Elaborar e implementar uma política eficiente de enfrentamento a desastres climáticos, capaz de integrar ações federais aos governos estaduais e municipais, não é simples. Além de investimentos pesados em tecnologia, defesa civil e infraestrutura, a missão exige uma mudança de mentalidade da população em relação aos riscos e, acima de tudo, muita vontade política. A dificuldade da empreitada, no entanto, não pode ser argumento para adiar uma discussão que, há muito, se encontra defasada. Enquanto as autoridades, em todos os níveis, priorizarem a estratégia de reação às catástrofes, deixando em segundo plano a prevenção e contenção de danos, o risco é de que, cada vez mais, os eventos climáticos extremos voltem a provocar catástrofes país afora.
‘Preparação é questão cultural’
Apesar do atraso na entrega do Plano Nacional de Proteção e Defesa Civil, o ministro da Integração e do Desenvolvimento Regional, Waldez Góes, afirma que as diretrizes do documento já são postas em prática e que o governo está avançando nas ações de resposta a tragédias nos municípios.

Quais são os pilares do plano que será lançado? Ele aborda a prevenção e a preparação nacional para lidar com desastres e criar resiliência a partir da atuação tripartite entre governo federal, estados e municípios.
O plano foi prometido para junho de 2024, mas ainda não foi lançado. Qual é a razão do adiamento? Ele está pronto e está sendo praticado. Houve um atraso no lançamento em razão dos problemas de saúde do presidente Lula no ano passado. Mas já temos o primeiro produto, o Defesa Civil Alerta nos celulares, que foi desenvolvido junto com o Ministério das Comunicações e está a serviço do Brasil. Mesmo antes que o plano estivesse pronto, tivemos a atuação da União na resposta organizada às chuvas no Rio Grande do Sul e no Litoral Norte de São Paulo e nos incêndios no Cerrado e no Pantanal. Continuamos trabalhando a prevenção e a mitigação de riscos, de maneira que essa atuação salve vidas e proteja o patrimônio.

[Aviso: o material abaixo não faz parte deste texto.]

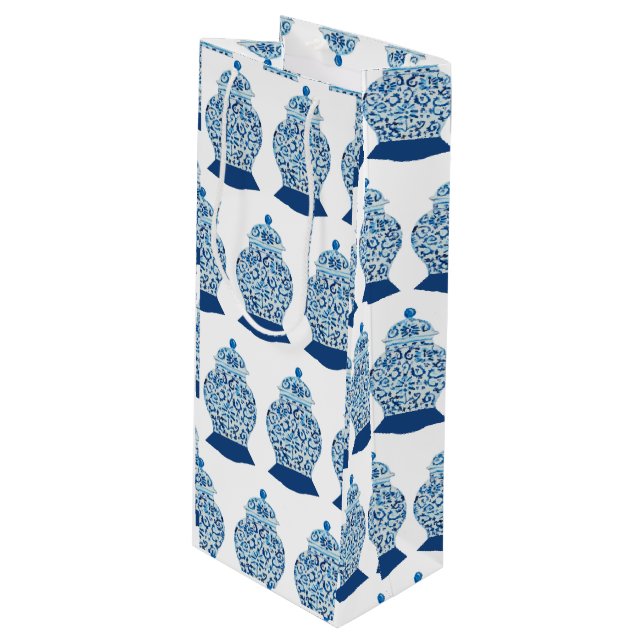 Sac Cadeau Pour Bouteille Jar de gingembre bleu et blanc de Noël (Devant Angle)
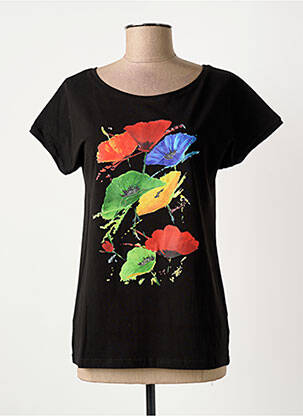 Tricou serigrafie mâneci scurte negru KARIN HERTZ femeie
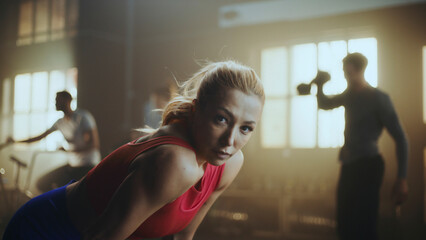 Determined sportswoman resting after intense workout in gym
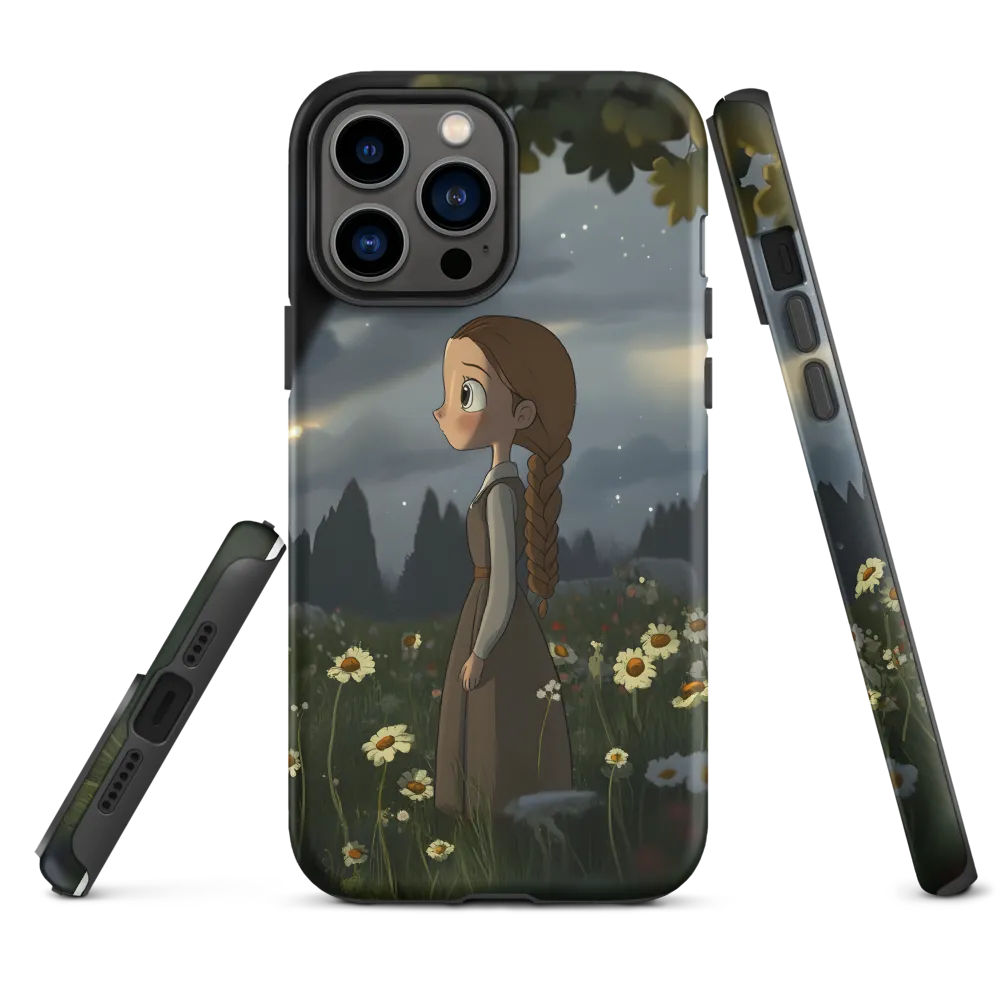 Animated Girl in Flower Field | Phone Case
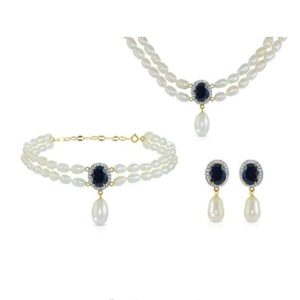 Pearls Blue Sapphire Set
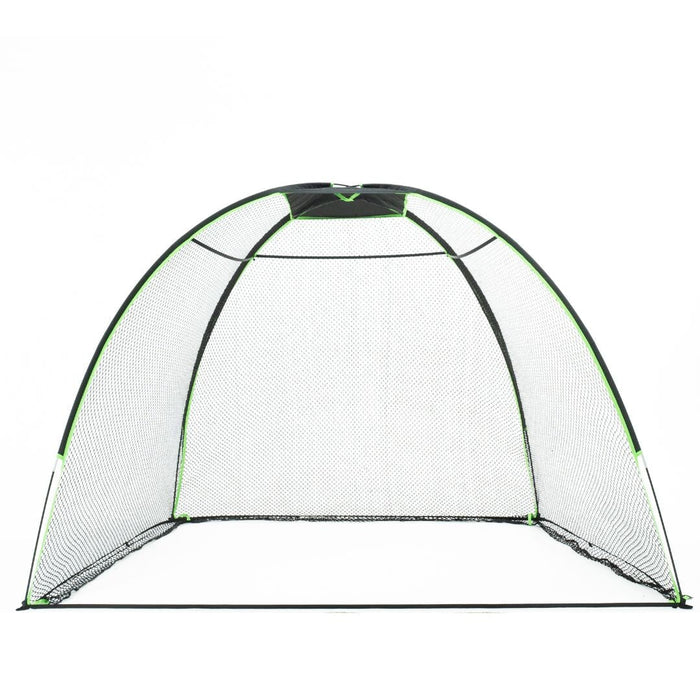 Golf practice net with green border on a white background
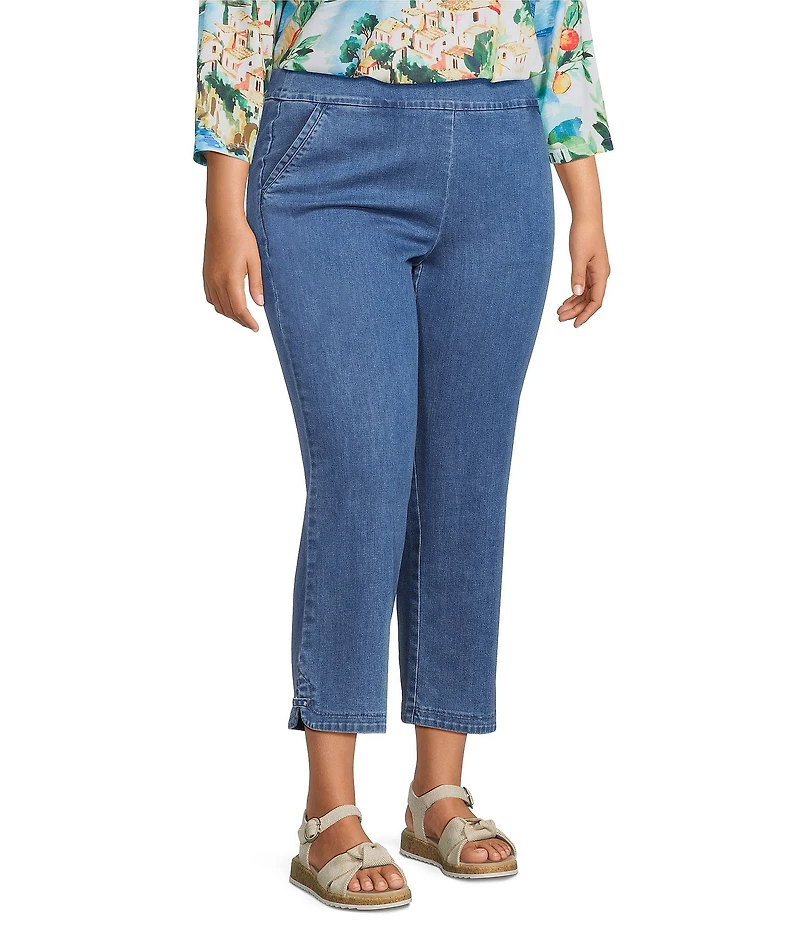 Allison Daley Plus Stretch Denim Pull-On Straight Leg Crop Pants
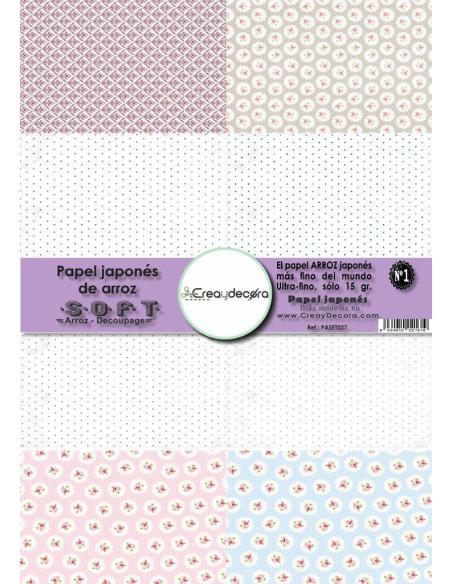 Set 8 papeles de Arroz Japnés Soft 30x42cm PASET027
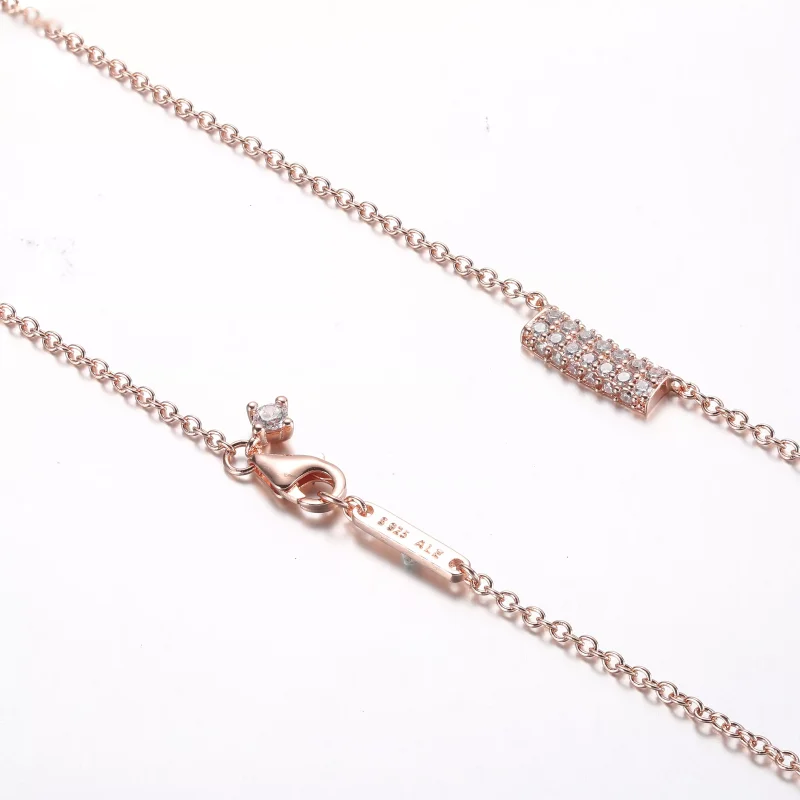 (resim) Pandora Timeless Pavé Çift Sıralı Bar Kolye - 382621C01-45 - Görüntüle 5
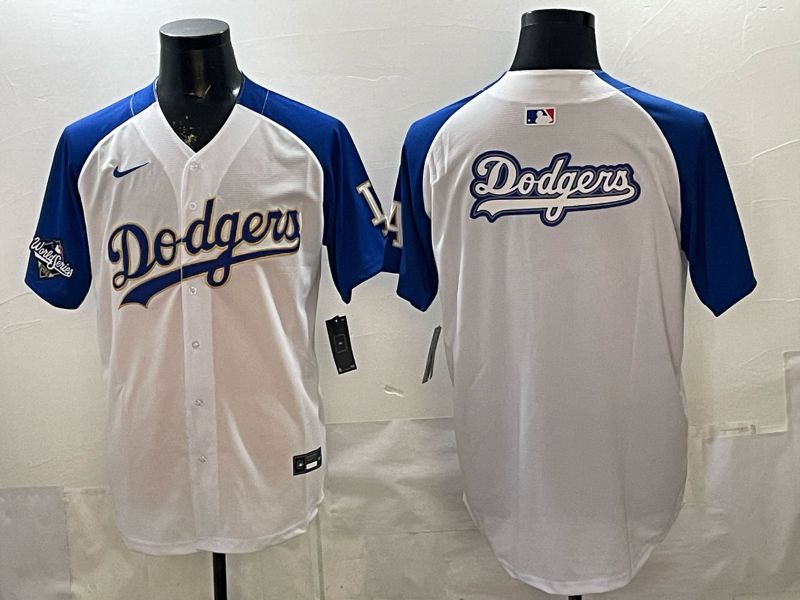 2026 Men Nike Los Angeles Dodgers Blank White blue Game MLB Jersey 009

Mesmo com o novo serviço de alertas e os recursos emergenciais liberados pela União, os municípios ainda estão despreparados para as tragédias climáticas. O que falta para melhorar esse cenário? A preparação para enfrentar os desastres é uma questão cultural. Muitas pessoas se assustaram quando fizemos os primeiros usos do Defesa Civil Alerta. Com o plano nacional e as políticas públicas sendo implementadas, a população começará a entender que os governos locais, sob a supervisão federal, têm estratégias de contingência, com alertas para as áreas afetadas, rotas de fuga e locais para abrigo. A frequência e a intensidade dos eventos não vão diminuir, mas não tenho dúvida de que a resiliência aumentará a cada dia.